===== Stored data =====

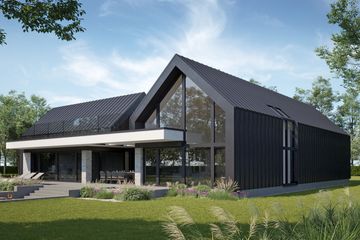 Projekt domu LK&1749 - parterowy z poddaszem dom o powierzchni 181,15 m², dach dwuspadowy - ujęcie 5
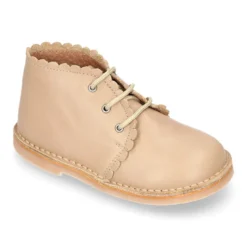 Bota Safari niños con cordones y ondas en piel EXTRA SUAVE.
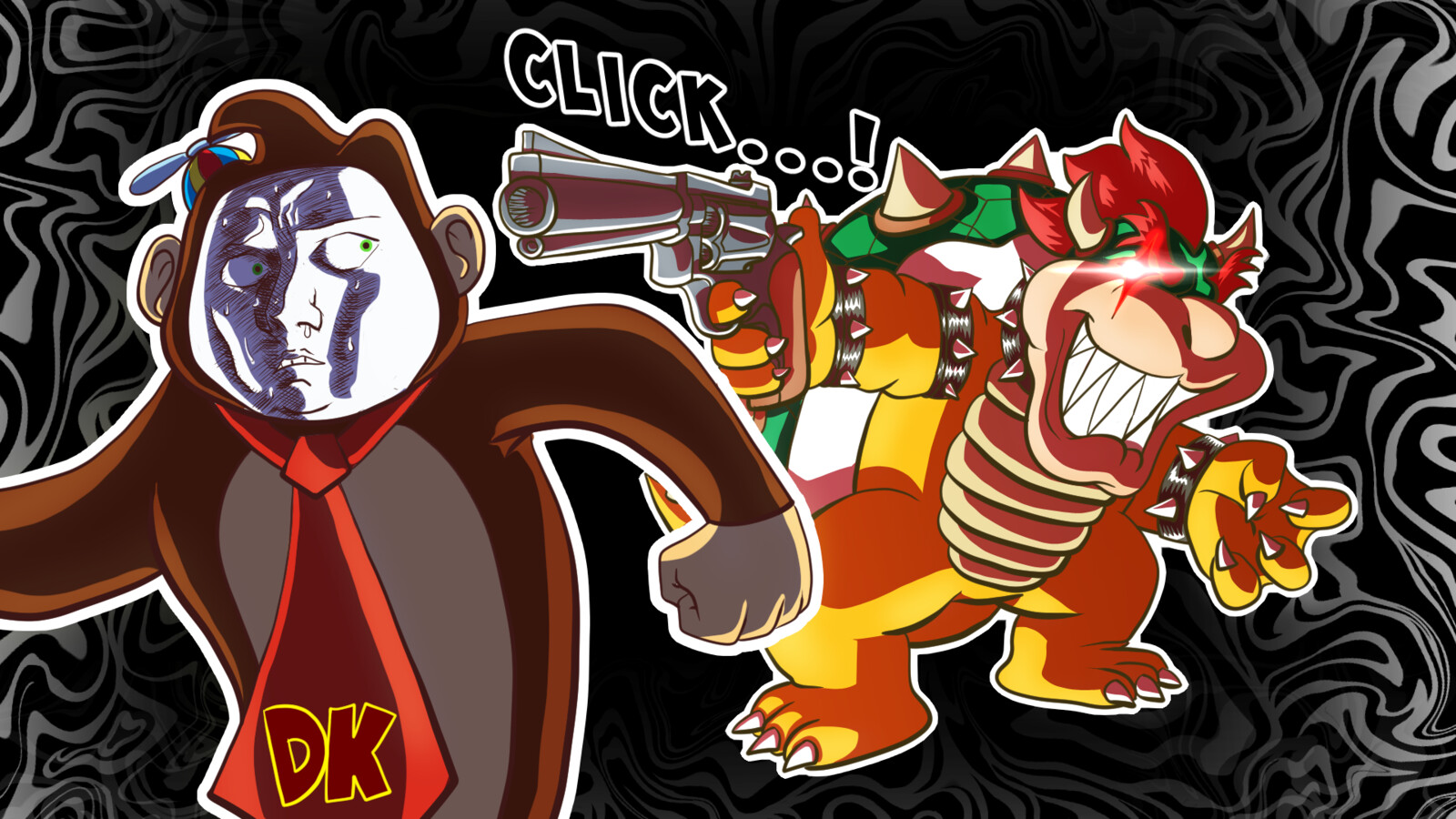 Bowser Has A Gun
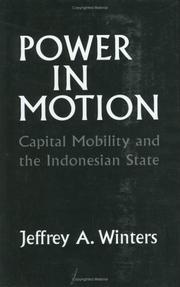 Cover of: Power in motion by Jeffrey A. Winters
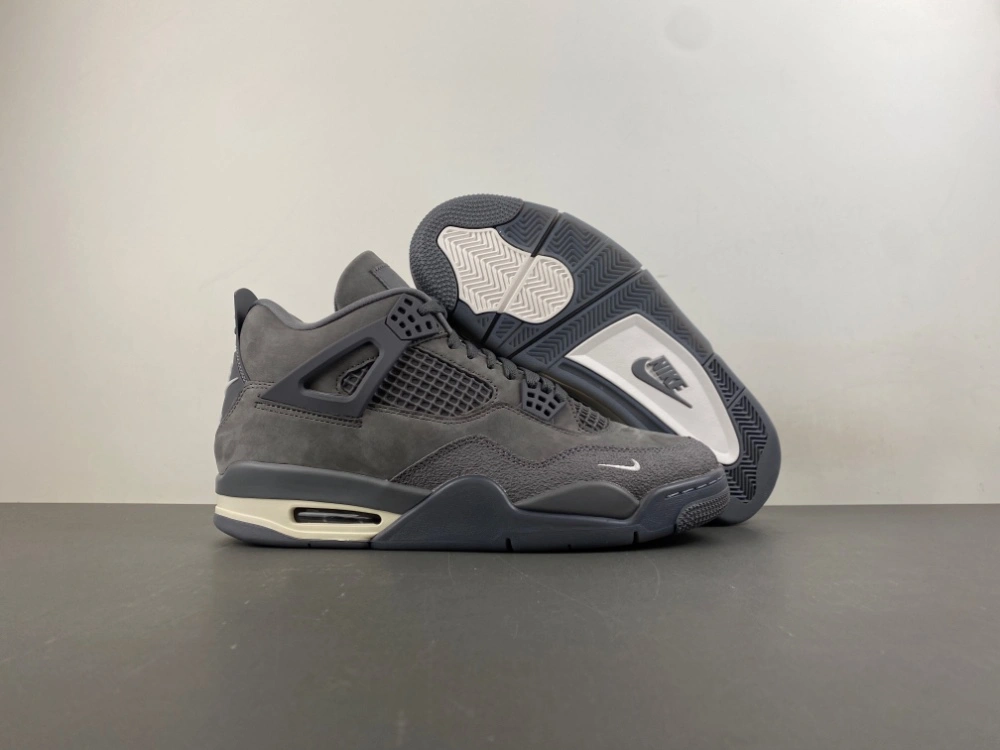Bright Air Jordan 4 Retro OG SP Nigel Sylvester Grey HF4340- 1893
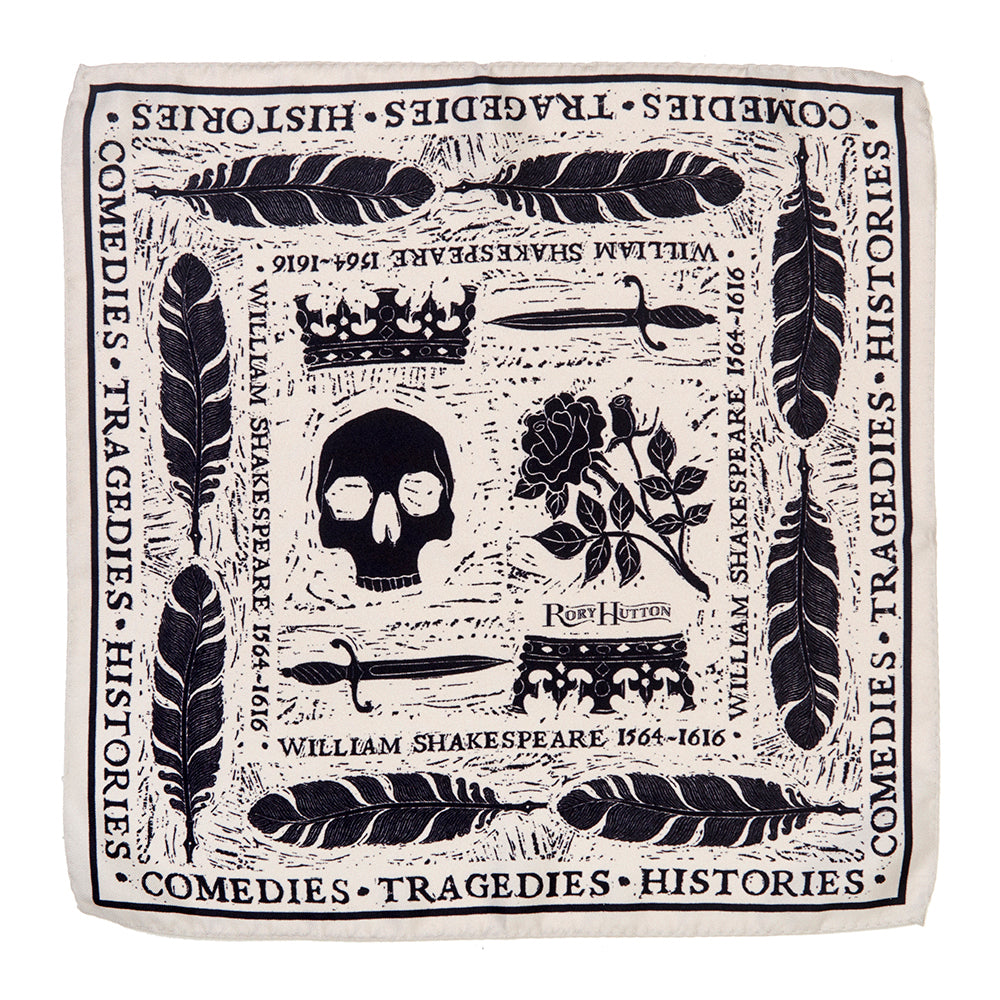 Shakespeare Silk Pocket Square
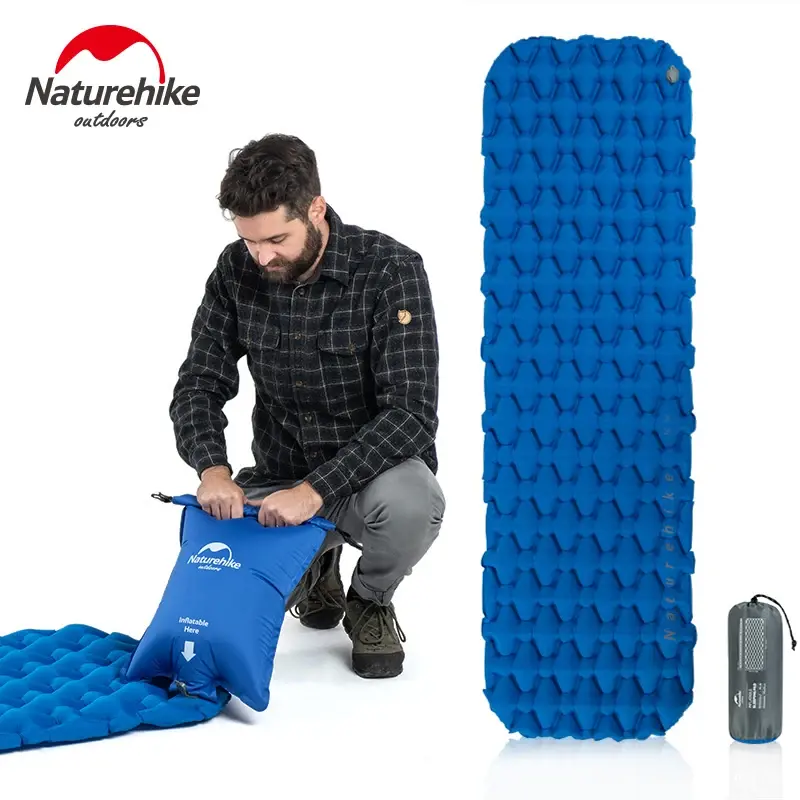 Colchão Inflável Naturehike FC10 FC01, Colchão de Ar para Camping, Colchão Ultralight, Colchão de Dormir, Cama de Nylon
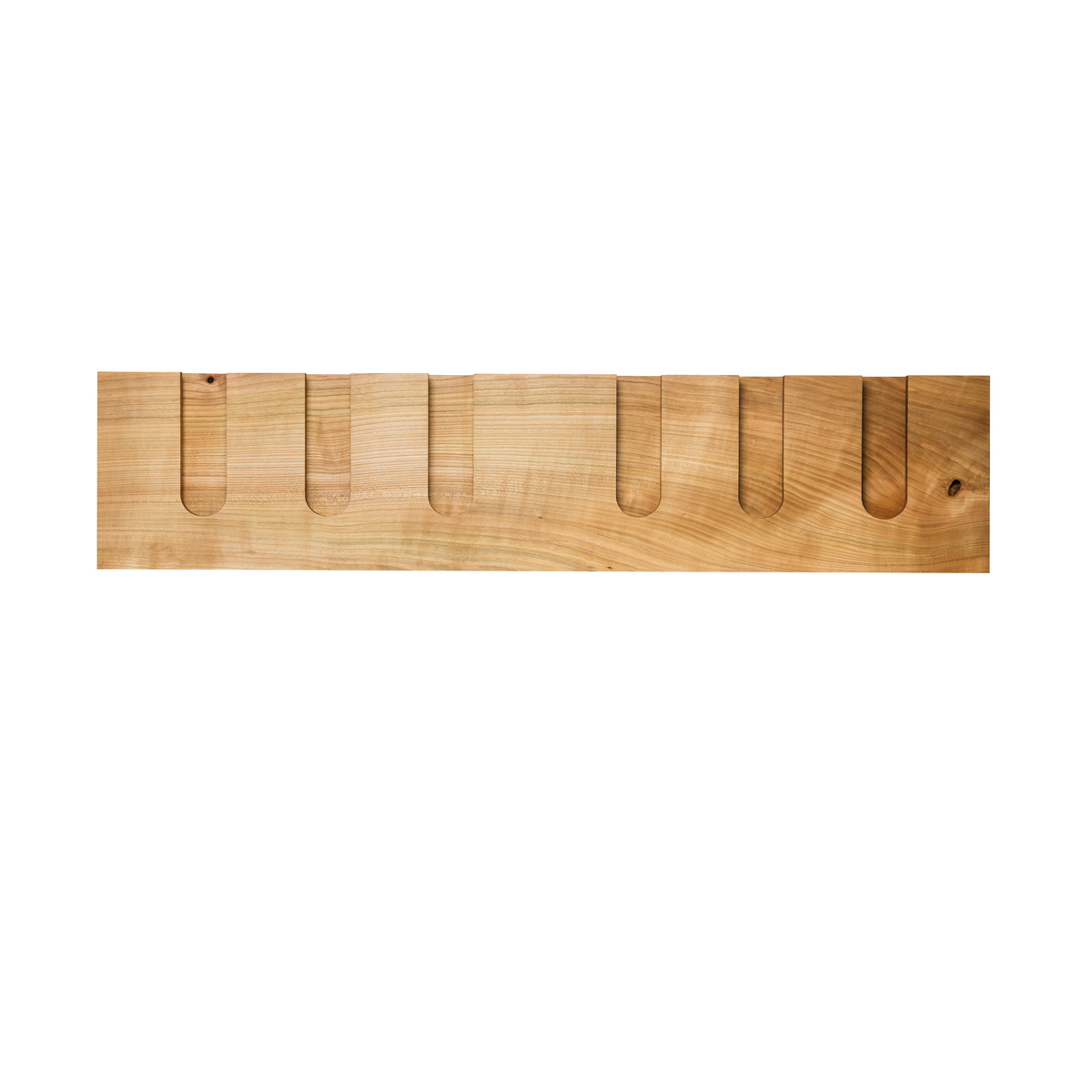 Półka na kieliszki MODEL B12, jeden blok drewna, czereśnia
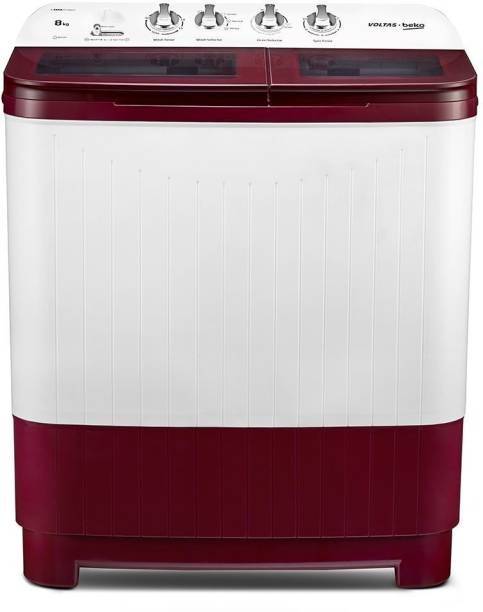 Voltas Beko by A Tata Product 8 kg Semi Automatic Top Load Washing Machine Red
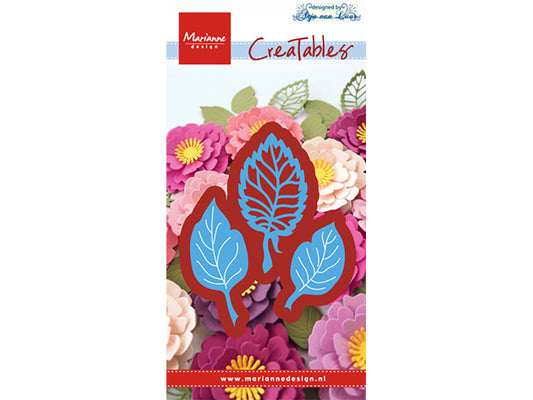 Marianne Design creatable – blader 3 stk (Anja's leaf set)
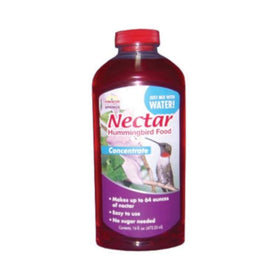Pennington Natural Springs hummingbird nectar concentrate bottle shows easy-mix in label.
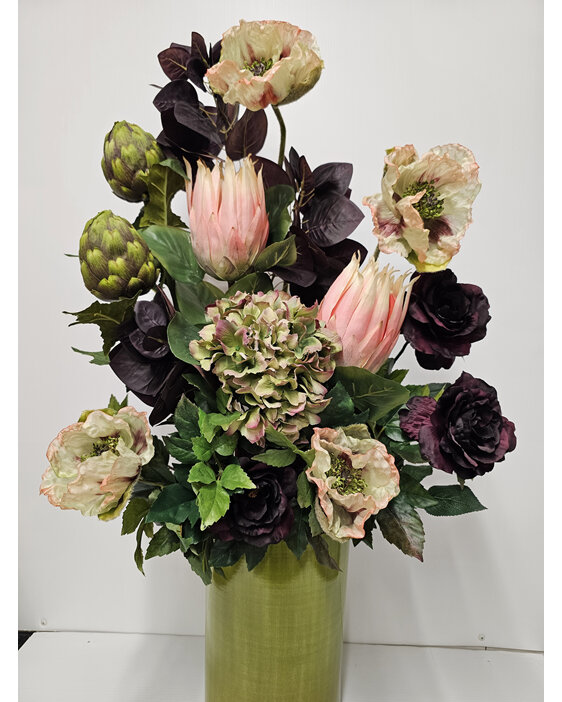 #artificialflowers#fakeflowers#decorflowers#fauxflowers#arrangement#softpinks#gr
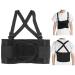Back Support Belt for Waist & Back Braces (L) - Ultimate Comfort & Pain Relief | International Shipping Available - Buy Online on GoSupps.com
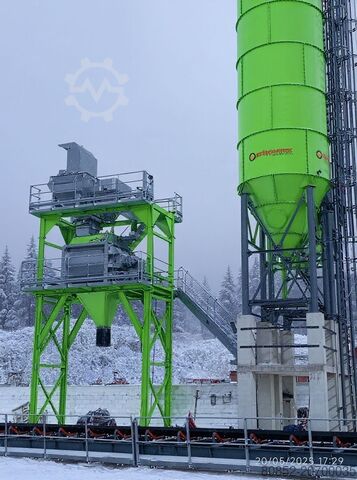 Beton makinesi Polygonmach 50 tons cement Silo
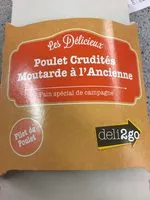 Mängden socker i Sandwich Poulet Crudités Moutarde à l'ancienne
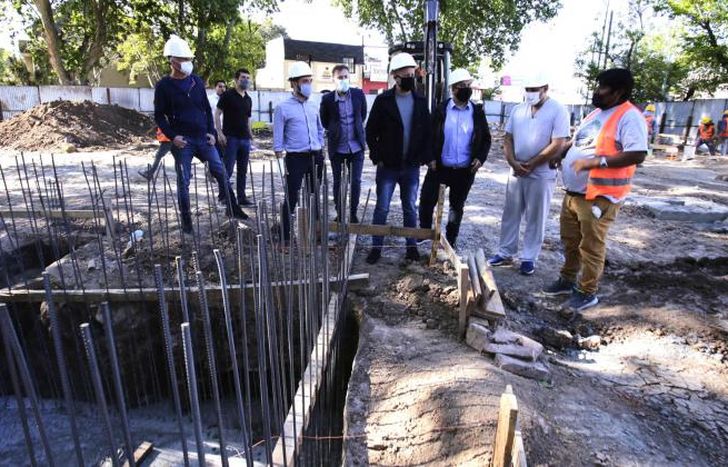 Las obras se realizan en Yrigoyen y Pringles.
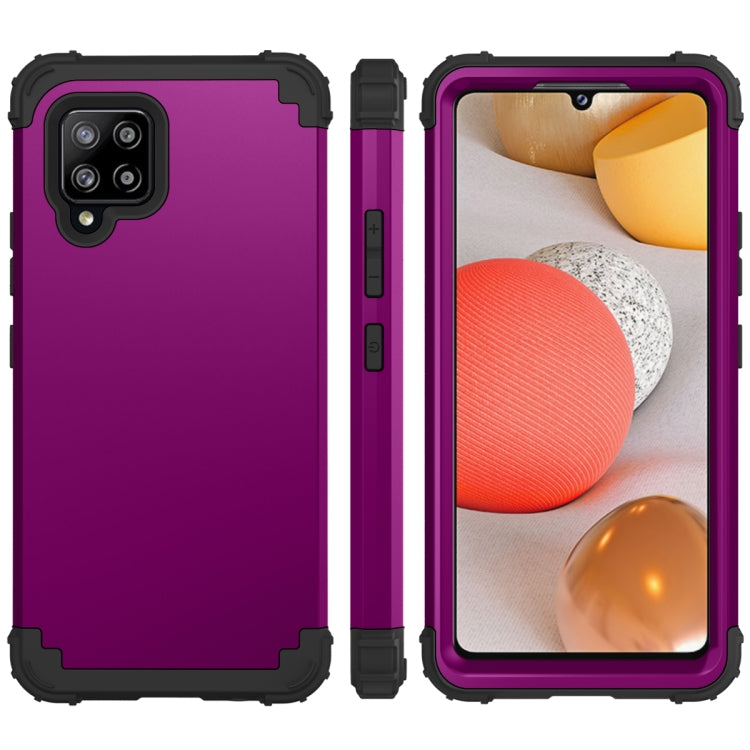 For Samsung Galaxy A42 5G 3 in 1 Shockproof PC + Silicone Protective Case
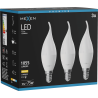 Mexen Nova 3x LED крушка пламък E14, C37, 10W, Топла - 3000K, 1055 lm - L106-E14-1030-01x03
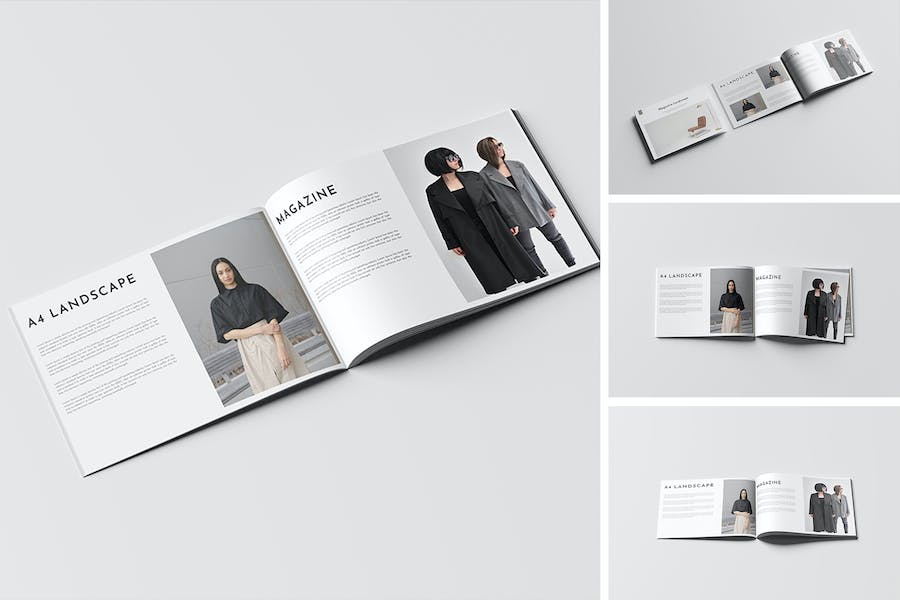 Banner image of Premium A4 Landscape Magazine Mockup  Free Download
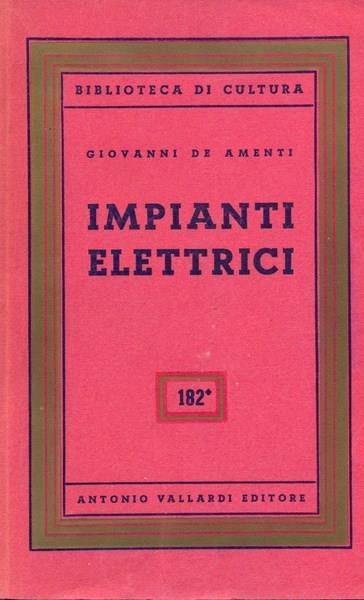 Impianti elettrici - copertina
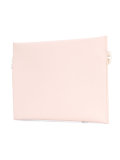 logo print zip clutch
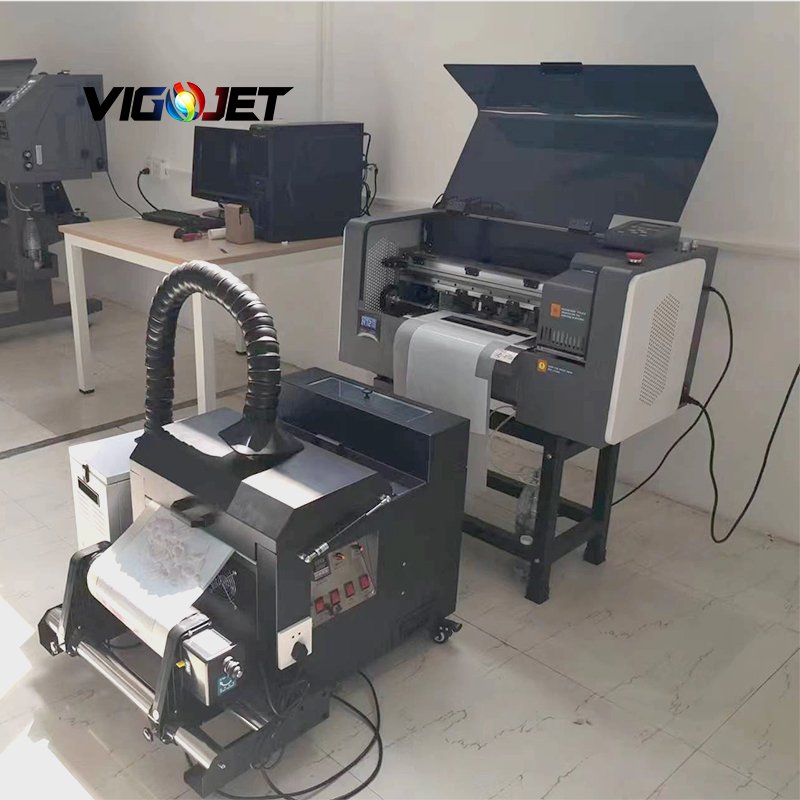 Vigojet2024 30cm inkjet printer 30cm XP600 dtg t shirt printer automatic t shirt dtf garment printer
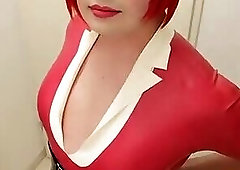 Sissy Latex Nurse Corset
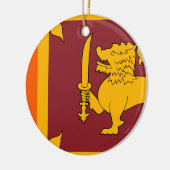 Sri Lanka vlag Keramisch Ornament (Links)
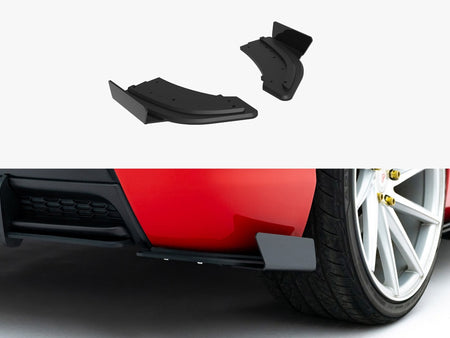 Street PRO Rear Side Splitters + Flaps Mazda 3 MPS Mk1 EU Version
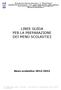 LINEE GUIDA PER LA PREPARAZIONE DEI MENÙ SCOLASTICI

=====

* [Try it]
Transcribe all of the records above exactly; no image should appear in what you write.

* [Task answer]
 Projekt domu LK&1749 - parterowy z poddaszem dom o powierzchni 181,15 m², dach dwuspadowy - ujęcie 5
 Bota Safari niños con cordones y ondas en piel EXTRA SUAVE.
 Bowser Has A Gun
 Cover of: Power in motion by Jeffrey A. Winters
Bright Air Jordan 4 Retro OG SP Nigel Sylvester Grey HF4340- 1893
 Shakespeare Silk Pocket Square
 Colchão Inflável Naturehike FC10 FC01, Colchão de Ar para Camping, Colchão Ultralight, Colchão de Dormir, Cama de Nylon
 Półka na kieliszki MODEL B12, jeden blok drewna, czereśnia
 Voltas Beko by A Tata Product 8 kg Semi Automatic Top Load Washing Machine Red
 Marianne Design creatable – blader 3 stk (Anja's leaf set)
Pennington Natural Springs hummingbird nectar concentrate bottle shows easy-mix in label.
 #artificialflowers#fakeflowers#decorflowers#fauxflowers#arrangement#softpinks#gr
Back Support Belt for Waist & Back Braces (L) - Ultimate Comfort & Pain Relief | International Shipping Available - Buy Online on GoSupps.com
 Beton makinesi Polygonmach 50 tons cement Silo
 Mängden socker i Sandwich Poulet Crudités Moutarde à l'ancienne
 Las obras se realizan en Yrigoyen y Pringles.
 For Samsung Galaxy A42 5G 3 in 1 Shockproof PC + Silicone Protective Case
 Mexen Nova 3x LED крушка пламък E14, C37, 10W, Топла - 3000K, 1055 lm - L106-E14-1030-01x03
 Banner image of Premium A4 Landscape Magazine Mockup  Free Download
 Impianti elettrici - copertina
 logo print zip clutch
 Vigojet2024 30cm inkjet printer 30cm XP600 dtg t shirt printer automatic t shirt dtf garment printer
 Sissy Latex Nurse Corset
 Sri Lanka vlag Keramisch Ornament (Links)
 Street PRO Rear Side Splitters + Flaps Mazda 3 MPS Mk1 EU Version
 LINEE GUIDA PER LA PREPARAZIONE DEI MENÙ SCOLASTICI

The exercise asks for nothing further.